What type of player like superstar/allstar/roleplayer/specialist


----------



## kamego

*Re: Darko got some playing time...*



SHEED! said:


> What type of player like superstar/allstar/roleplayer/specialist


The team said when he was drafted, he wouldn't do anything until his 3rd or 4th season. At that point he was supposed to start taking off. They said they expected him to be the next Bill Russell.


----------



## STUCKEY!

*Re: Darko got some playing time...*



kamego said:


> The team said when he was drafted, he wouldn't do anything until his 3rd or 4th season. At that point he was supposed to start taking off. They said they expected him to be the next Bill Russell.


lol too funny hes got along way to go


----------



## kamego

*Re: Darko got some playing time...*



SHEED! said:


> lol too funny hes got along way to go


So far he has been right down Joe Dumars expections made during the draft.


----------



## STUCKEY!

*Re: Darko got some playing time...*



kamego said:


> So far he has been right down Joe Dumars expections made during the draft.


So this year we all can see what Darko will become. 
This will be interesting


----------



## kamego

*Re: Darko got some playing time...*



SHEED! said:


> So this year we all can see what Darko will become.
> This will be interesting


Yep, this is the first year he is supposed to be abe to help out team win games.


----------



## STUCKEY!

*Re: Darko got some playing time...*



kamego said:


> Yep, this is the first year he is supposed to be abe to help out team win games.


No way he meets expectations. Say He was a late first or second round pick i think he would have done much better because expectations would be much lower. lets face it he wont be a superstar.


----------



## kamego

*Re: Darko got some playing time...*



SHEED! said:


> No way he meets expectations.

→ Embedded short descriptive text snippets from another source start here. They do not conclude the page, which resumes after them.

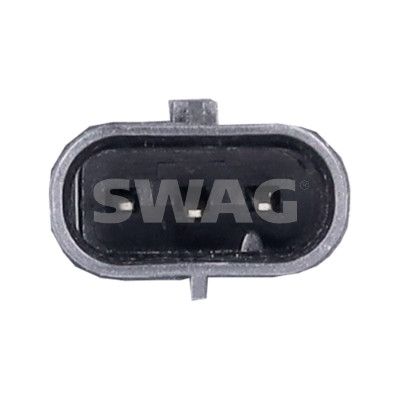 Котушка запалювання, Swag 33109211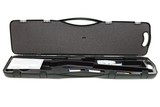 Pre-Owned Factory Certified Beretta A400 XCEL Sporting Shotgun | 20GA 28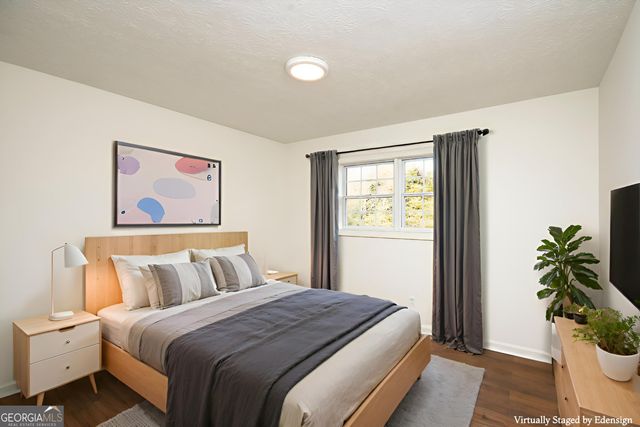 2701 Aruba Drive, Powder Springs, GA 30127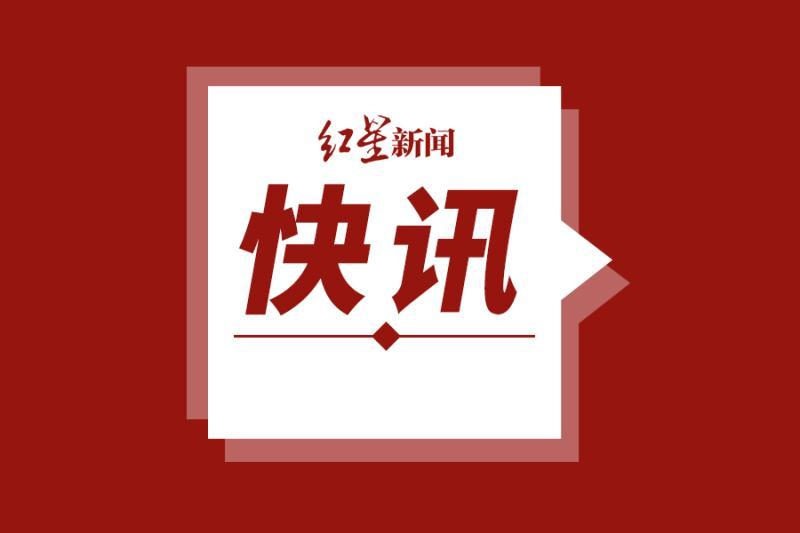 最新疫情北京新发地，全面解析与应对措施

Say He was a late first or second round pick i think he would have done much better because expectations would be much lower. lets face it he wont be a superstar.


He is more of an atheltic freak then Ben Wallace, to say he can't be a superstar is worthless. He's a 20 year old 7 foot center that has all the gifts in the world physically.


----------



## STUCKEY!

*Re: Darko got some playing time...*



kamego said:


> He is more of an atheltic freak then Ben Wallace, to say he can't be a superstar is worthless. He's a 20 year old 7 foot center that has all the gifts in the world physically.


So is kwame brown ,Stromile swift to name a few


----------



## kamego

*Re: Darko got some playing time...*



SHEED! said:


> So is kwame brown ,Stromile swift to name a few


Neither of those two names are athelticly on the same level as Darko. That is why everyone makes such a big deal about him. People didn't just compare him to KG for no reason when he was drafted.


----------



## STUCKEY!

*Re: Darko got some playing time...*



kamego said:


> Neither of those two names are athelticly on the same level as Darko. That is why everyone makes such a big deal about him. People didn't just compare him to KG for no reason when he was drafted.


http://probasketball.about.com/gi/d....nba.com/draft2003/profiles/MilicicDarko.html

A skilled and strong big man who is comfortable at any spot along the front line 

http://nbadraft.net/profiles/stromileswift.htm
Strengths: Amazing atlhete. As a senior in HS dunked from the free throw line in a dunk contest. Very good moves around the basket. Has all the tools to become a top PF in the NBA. Good hands, soft touch. Good competitor. Look at the muscles on those arms!!!!------>


----------



## kamego

*Re: Darko got some playing time...*



SHEED! said:


> http://probasketball.about.com/gi/d....nba.com/draft2003/profiles/MilicicDarko.html
> 
> A skilled and strong big man who is comfortable at any spot along the front line
> 
> http://nbadraft.net/profiles/stromileswift.htm
> Strengths: Amazing atlhete. As a senior in HS dunked from the free throw line in a dunk contest. Very good moves around the basket. Has all the tools to become a top PF in the NBA. Good hands, soft touch. Good competitor. Look at the muscles on those arms!!!!------>


Showing me a bio from the NBA pre draft and then a bio from the wonderful people at NBAdraft.net doesn't mean much to me....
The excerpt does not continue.